Now, if you watch Hong Kong film, you know that kids are not safe. Anything is liable to happen to them, so you won’t be surprised by the first few sequences of the film. However, I am glad to see, for once, a smart child in a film. None of that whining, or worst of all, doing obviously bad things that just make your bad situation worse.

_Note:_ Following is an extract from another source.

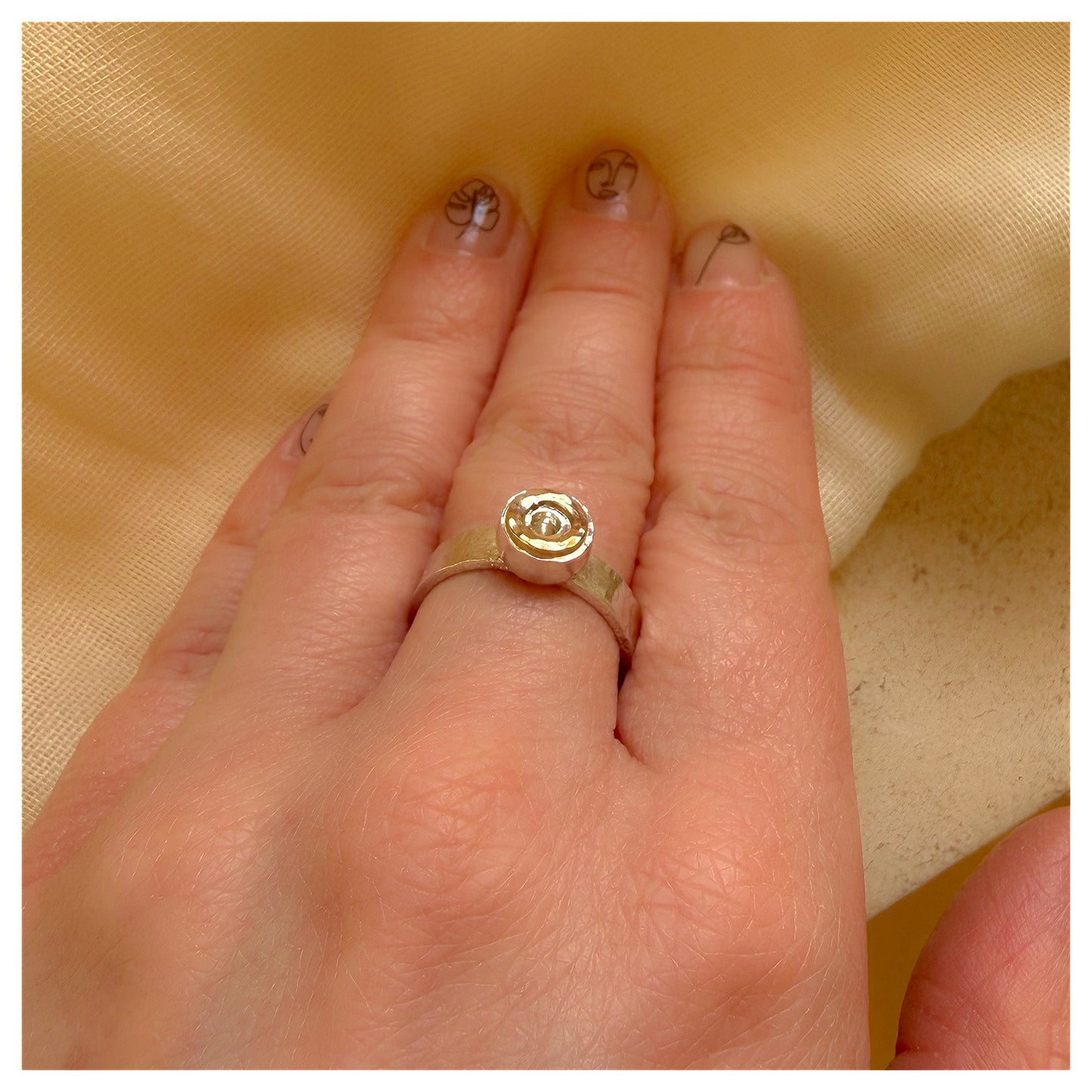 9ct Yellow Gold and Sterling Silver Textured Donut Ring. (2)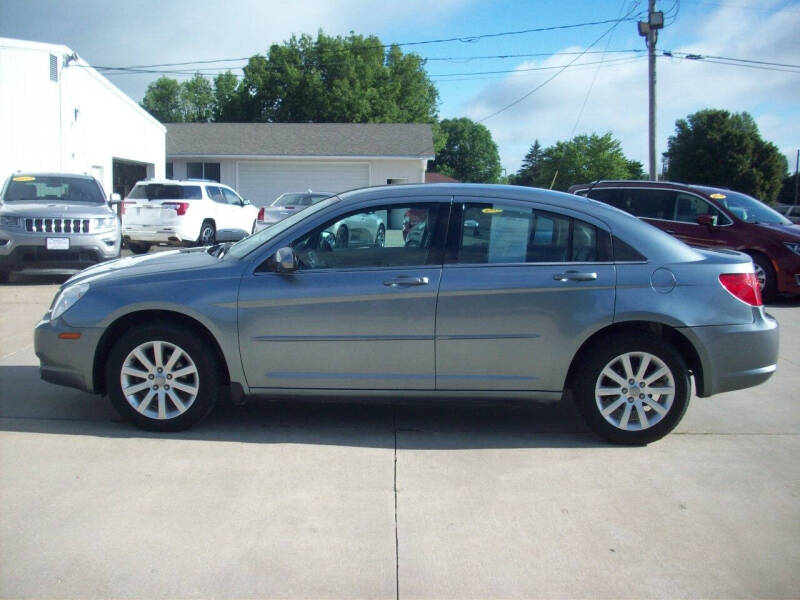 Used 2010 Chrysler Sebring Limited with VIN 1C3CC5FB7AN147323 for sale in Seneca, KS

But, Nick Cheung steals the show. You have to understand, the first film I saw Nick Cheung in was Andrew Lau’s The Duel, where he did a really good job of acting the fool, which is what his role called for. So it’s not without a little bit of pride that I watched his performance in Beast Stalker. It represents his steady rise, with Election and Election 2 as well as Exiled to his credit (we won’t talk about My Wife is a Gambling Maestro–let’s pretend it doesn’t exist, shall we?) And it highlights one of the great things about Asian film in general, namely, the complexity of the villain. Yeah, we know that Nick’s character has a certain moral bankruptcy, but has he really lost all of his humanity? Really? Are you sure? You know you’ve done a good job when I’m a little afraid of you by the end of the film. I’m little afraid of Nick–he’s not the person I’d like to see lurking in the shadows under any circumstances. The same thing happened when I watched Sha Po Lang: I’m a little afraid of Sammo Hung now. And while I could make some comments about Nicholas Tse’s performance (later post on my luv affair with him, really, I’ve watched practically everything he’s been in, I really really like him!), I wasn’t mad at him in this film either. Plus, this film has several good lessons, including watching out for the elderly if you are trying to commit a crime in your apartment.
Overall, I generally like that gritty, urban cop thing that Dante Lam does, so I’m pretty satisfied. Interest piqued? Watch the film and let’s discuss!